* **Input records**
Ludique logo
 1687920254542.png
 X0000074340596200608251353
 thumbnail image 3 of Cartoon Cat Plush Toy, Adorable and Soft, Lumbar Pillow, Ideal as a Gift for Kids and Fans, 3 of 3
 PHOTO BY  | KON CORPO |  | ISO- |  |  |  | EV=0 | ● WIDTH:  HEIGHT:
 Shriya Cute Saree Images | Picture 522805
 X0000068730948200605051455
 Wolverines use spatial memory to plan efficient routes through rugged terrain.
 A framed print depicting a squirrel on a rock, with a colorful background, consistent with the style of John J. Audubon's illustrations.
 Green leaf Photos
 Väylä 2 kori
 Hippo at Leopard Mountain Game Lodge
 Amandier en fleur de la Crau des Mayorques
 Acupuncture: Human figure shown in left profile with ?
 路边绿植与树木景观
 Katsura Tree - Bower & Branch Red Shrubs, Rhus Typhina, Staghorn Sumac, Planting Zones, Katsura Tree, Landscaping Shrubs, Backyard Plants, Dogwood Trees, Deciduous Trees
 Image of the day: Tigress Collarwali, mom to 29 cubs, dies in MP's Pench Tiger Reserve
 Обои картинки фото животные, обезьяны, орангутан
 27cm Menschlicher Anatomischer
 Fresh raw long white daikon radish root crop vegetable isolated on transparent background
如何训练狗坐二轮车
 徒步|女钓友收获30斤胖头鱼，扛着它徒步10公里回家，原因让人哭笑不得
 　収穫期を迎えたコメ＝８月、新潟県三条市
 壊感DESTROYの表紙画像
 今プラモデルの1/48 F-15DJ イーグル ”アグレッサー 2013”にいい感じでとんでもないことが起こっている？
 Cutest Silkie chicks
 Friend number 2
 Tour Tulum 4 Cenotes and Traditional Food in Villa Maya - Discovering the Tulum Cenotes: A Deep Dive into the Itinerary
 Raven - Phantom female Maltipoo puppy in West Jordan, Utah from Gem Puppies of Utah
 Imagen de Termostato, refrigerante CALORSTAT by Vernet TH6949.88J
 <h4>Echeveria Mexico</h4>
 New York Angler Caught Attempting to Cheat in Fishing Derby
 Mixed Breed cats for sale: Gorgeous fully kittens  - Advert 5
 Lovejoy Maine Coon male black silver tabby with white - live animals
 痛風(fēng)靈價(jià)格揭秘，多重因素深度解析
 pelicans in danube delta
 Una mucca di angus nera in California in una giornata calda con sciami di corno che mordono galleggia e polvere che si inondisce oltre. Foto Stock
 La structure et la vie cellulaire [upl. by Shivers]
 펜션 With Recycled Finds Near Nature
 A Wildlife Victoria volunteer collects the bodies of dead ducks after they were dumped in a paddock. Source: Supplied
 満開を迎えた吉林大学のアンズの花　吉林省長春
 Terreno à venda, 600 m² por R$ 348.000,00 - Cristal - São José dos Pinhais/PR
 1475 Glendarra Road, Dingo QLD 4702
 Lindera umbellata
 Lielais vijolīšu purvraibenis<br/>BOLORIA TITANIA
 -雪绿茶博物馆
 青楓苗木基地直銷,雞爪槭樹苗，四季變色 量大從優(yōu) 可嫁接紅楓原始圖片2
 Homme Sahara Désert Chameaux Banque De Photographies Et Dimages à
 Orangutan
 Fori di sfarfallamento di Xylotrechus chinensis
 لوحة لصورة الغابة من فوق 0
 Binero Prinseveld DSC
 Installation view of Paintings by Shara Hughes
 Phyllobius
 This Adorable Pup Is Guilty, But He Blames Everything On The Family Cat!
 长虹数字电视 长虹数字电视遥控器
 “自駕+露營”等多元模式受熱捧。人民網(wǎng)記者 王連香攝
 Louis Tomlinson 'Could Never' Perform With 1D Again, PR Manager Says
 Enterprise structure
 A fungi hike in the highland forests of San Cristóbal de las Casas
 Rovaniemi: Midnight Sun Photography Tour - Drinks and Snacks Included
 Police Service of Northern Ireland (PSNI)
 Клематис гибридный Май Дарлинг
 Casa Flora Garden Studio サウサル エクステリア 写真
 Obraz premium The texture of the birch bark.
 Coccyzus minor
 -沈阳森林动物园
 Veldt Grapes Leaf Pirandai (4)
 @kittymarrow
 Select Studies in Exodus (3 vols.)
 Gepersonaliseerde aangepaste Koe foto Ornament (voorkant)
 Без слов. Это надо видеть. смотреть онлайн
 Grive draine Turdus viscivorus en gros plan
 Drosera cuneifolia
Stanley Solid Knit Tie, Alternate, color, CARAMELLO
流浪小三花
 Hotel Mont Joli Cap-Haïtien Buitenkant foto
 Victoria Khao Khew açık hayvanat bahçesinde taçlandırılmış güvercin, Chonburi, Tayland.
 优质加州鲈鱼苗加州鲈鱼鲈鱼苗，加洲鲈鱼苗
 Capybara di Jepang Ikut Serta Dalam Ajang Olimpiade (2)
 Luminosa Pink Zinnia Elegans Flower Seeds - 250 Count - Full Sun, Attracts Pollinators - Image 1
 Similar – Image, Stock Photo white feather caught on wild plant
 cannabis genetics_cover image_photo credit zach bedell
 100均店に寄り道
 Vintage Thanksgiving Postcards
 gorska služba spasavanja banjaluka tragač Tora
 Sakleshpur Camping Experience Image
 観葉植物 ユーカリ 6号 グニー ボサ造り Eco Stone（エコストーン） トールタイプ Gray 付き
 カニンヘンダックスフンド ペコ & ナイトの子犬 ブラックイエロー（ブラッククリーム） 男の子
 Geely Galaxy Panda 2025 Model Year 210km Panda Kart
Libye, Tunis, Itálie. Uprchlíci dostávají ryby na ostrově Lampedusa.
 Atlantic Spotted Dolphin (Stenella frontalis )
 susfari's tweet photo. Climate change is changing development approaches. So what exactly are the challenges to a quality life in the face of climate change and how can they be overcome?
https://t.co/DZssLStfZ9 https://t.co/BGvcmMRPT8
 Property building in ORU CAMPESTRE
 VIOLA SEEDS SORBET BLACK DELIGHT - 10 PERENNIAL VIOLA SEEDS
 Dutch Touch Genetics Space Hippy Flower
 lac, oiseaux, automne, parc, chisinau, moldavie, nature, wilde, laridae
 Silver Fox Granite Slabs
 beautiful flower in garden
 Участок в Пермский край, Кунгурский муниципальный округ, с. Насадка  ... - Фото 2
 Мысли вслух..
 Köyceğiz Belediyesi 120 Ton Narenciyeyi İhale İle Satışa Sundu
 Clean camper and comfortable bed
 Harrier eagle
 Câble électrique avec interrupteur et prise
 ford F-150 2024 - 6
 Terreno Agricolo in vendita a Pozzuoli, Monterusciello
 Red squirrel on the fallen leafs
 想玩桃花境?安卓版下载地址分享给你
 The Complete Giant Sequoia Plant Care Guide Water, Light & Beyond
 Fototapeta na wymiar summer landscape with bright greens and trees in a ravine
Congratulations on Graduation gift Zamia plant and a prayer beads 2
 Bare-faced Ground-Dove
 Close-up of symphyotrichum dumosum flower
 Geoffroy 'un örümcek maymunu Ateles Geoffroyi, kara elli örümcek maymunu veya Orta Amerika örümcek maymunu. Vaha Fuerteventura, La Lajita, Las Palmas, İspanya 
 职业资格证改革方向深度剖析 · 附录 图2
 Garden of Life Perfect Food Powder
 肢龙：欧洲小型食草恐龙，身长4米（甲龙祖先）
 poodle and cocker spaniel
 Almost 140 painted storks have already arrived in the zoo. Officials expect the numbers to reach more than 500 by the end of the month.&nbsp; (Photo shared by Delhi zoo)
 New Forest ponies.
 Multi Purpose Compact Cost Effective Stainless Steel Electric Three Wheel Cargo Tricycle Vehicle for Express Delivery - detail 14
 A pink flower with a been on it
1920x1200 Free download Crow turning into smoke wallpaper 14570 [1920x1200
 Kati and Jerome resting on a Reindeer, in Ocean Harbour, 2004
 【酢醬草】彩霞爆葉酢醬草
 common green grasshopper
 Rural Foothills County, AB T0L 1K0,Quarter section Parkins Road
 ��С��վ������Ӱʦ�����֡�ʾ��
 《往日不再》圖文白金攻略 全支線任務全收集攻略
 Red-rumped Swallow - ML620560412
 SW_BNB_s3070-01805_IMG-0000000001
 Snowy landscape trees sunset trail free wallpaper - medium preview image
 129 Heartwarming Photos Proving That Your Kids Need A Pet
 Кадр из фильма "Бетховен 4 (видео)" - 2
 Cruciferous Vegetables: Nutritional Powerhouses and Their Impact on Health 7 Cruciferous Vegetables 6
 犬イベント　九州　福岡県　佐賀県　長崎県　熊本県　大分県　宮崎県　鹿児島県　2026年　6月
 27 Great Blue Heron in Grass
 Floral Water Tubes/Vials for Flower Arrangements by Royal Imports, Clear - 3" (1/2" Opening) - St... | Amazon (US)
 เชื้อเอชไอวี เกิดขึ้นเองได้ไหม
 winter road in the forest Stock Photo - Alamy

* **Aim of the task**
Using the entries, state how many of their lines hold "Water"; give the number and no more.

* **Answer section**
2